I am particularly interested in your educational work as I believe that it is through education that the great masses of the people are to be brought up to a standard that will enable them to live healthful, clean lives.

It seems that talent or genius appears about as frequently in one social class as another, in working class children as in the children of the well-to-do. The fact that through the centuries most of the great men have sprung from the comfortable classes simply proves the might of opportunity.

Walcott’s jingoistic side emerged particularly in his anger toward Germany over World War I, where he lost a son in aerial combat. In a letter of December 11, 1918, he declined an invitation from the president of Princeton University to a memorial service for students who had died in battle (Walcott frequently used the common epithet of his generation in referring to Germans as Huns):

I have avoided all memorial meetings and services as the effect upon me is detrimental to my mental and moral poise owing to the depth of feelings aroused against the “Tribe of the Huns” and their allies.
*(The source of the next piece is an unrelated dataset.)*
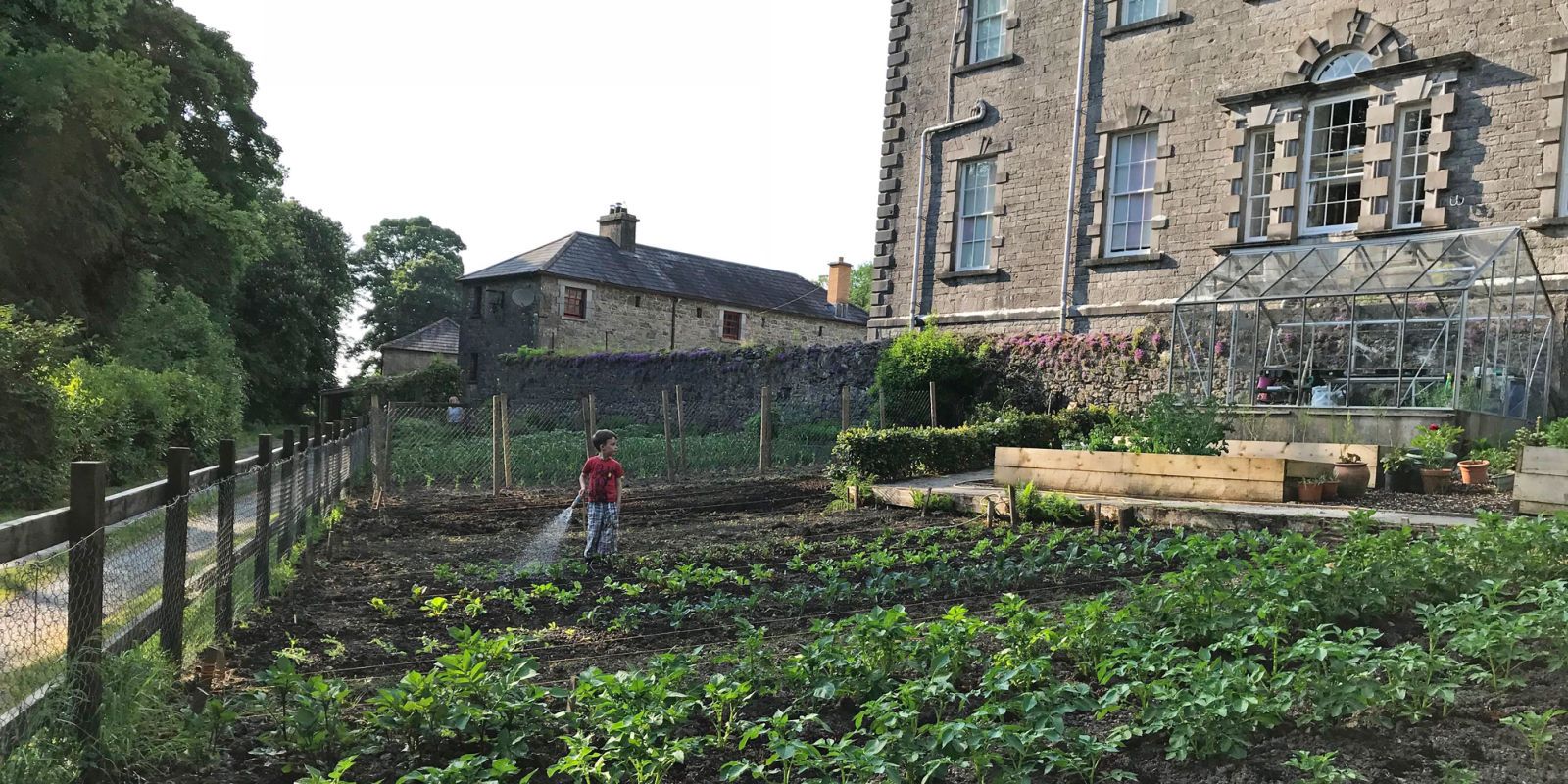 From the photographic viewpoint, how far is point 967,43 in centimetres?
2116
This feeling began with the invasion of Belgium, was emphasized by the sinking of the
Lusitania
and the many crimes committed during the war, and now it is not lessened by the many events that have taken place since the signing of the armistice.

All the worst of Walcott’s venom poured forth, as the archives reveal, in his confidential spearheading of an extraordinary campaign against the eminent anthropologist Franz Boas in 1920. Boas, as German by birth, Jewish by origin, left-leaning in politics, and pro-German in sympathy, inspired wrath from each and every corner of Walcott’s prejudices. In the December 12, 1919, issue of the
Nation
, Boas had published a short letter, entitled “Scientists as Spies,” charging that several anthropologists had gathered intelligence data for America during the war while claiming the immunity of science to gain access to areas and information that might otherwise have been declared off limits. He argued that although surreptitious gathering of intelligence is acceptable for men of politics, business, or the military because these professions practice duplicity as a norm, such chicanery can only be viewed as heinous and destructive of scientific principles. Boas’s letter would raise few emotions today, and would be read by most people as a somewhat naive evocation of scientific ideals.

But reactions were different in the intensely jingoistic climate of postwar America. To Walcott, Boas’s letter was the last straw from a long-standing, disloyal, foreign nuisance. Boas, he claimed, had directly accused President Wilson of lying, for Wilson had stated that “only autocracies maintain spies; these are not needed in democracies.” Walcott also interpreted Boas’s letter as impugning the integrity of American science
in toto
because a handful of practitioners might have acted as “double agents,” both for knowledge and intelligence.

Walcott used this exaggerated reading as the basis for a vigorous campaign to censure Boas, and perhaps to drive him out of American science altogether. Walcott immediately and peremptorily canceled Boas’s honorary position at the Smithsonian. He then wrote to all his important and well-placed conservative colleagues, seeking advice on how Boas might be punished. For example, to Nicholas Murray Butler, president of Columbia University (where Boas taught), Walcott wrote on January 3, 1920:

The position that Dr. Boas had in connection with the Smithsonian Institution was abolished, as it was specially created for him by Secretary Langley in 1901.

The article published by Dr. Boas in the Nation of 12/20 was of such a character that I did not consider a man holding such sentiments a proper person to have an official connection with the Smithsonian. I prefer to have 100 per cent Americans, and have no use personally or officially for the addle-minded Bolshevik type, whether it be Russian or German, Hebrew or Gentile. I realize that the fighting is over with Germany, but it is only begun with the elements that would spread distrust, internal conflict, and ultimate ruin to all that Americans have stood for.